For detailed information about how to work with static Zenodo datasets, please
check out :ref:`config.datasets`.


Dynamic datasets
----------------

The |showyourwork| workflow has the ability to cache the results of intermediate
steps in your pipeline on either Zenodo or Zenodo Sandbox.
This is useful for workflows that entail
running lengthy computations, simulations, etc., that third-party users may
not want to run on their own. It's also useful for builds on GitHub Actions,
which has limited compute resources and a timeout of a few hours.

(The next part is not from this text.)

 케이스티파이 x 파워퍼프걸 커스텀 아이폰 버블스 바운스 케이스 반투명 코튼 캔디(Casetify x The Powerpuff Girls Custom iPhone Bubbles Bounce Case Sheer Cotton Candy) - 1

The way |showyourwork| deals with these cases is to cache these lengthy
computations on Zenodo or Zenodo Sandbox alongside a record of all the
inputs that went into generating the cached output. If, on subsequent runs
of the workflow, the inputs remain unchanged, |showyourwork| will simply
download the cached results from Zenodo or Zenodo Sandbox, *maintaining the guarantee that
the output you get follows deterministically from the given inputs*.

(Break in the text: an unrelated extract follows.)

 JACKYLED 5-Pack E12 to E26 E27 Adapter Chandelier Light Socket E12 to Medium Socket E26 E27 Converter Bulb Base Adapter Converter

Before we get into how this works and how to take advantage of it, let's
discuss how to set up the integration by generating Zenodo and Zenodo Sandbox API tokens.


Setting up Zenodo integration
^^^^^^^^^^^^^^^^^^^^^^^^^^^^^

By default, caching takes place on Zenodo Sandbox, which is equal to Zenodo in all
respects except that records on that service are *temporary*. This makes it
perfect for caching intermediate results during the development cycle, where things
are likely to change a lot and you may not want to assign a static, permanent
DOI with any particular dataset.

In order for |showyourwork| to communicate with Zenodo Sandbox, it needs access to an API token.
You can generate it by clicking
`here <https://sandbox.zenodo.org/account/settings/applications/tokens/new>`__.
If you don't yet have a Zenodo Sandbox account, you'll be asked to create one.

Name the token something informative and make
sure to give it ``deposit:actions`` and ``deposit:write`` permissions. Copy the
token and store it somewhere secure.

.. warning::

    Never commit your Zenodo API token (or any API token) directly to your
    repository!

Then, on your local computer, create an environment variable called
``$SANDBOX_TOKEN`` with value equal to the API token you just generated.
You can either do this manually in the terminal, e.g.,

.. code-block:: bash

    export SANDBOX_TOKEN=YYYYYY

or by adding that line to your shell config file (``.bashrc``, ``.zshrc``, etc.)
and re-starting your session.
In order for |showyourwork| to have access to Zenodo Sandbox when running on GitHub
Actions, you'll also have to provide this value as a secret (name it ``SANDBOX_TOKEN``);
read more about those
`here <https://docs.github.com/en/actions/security-guides/encrypted-secrets>`_.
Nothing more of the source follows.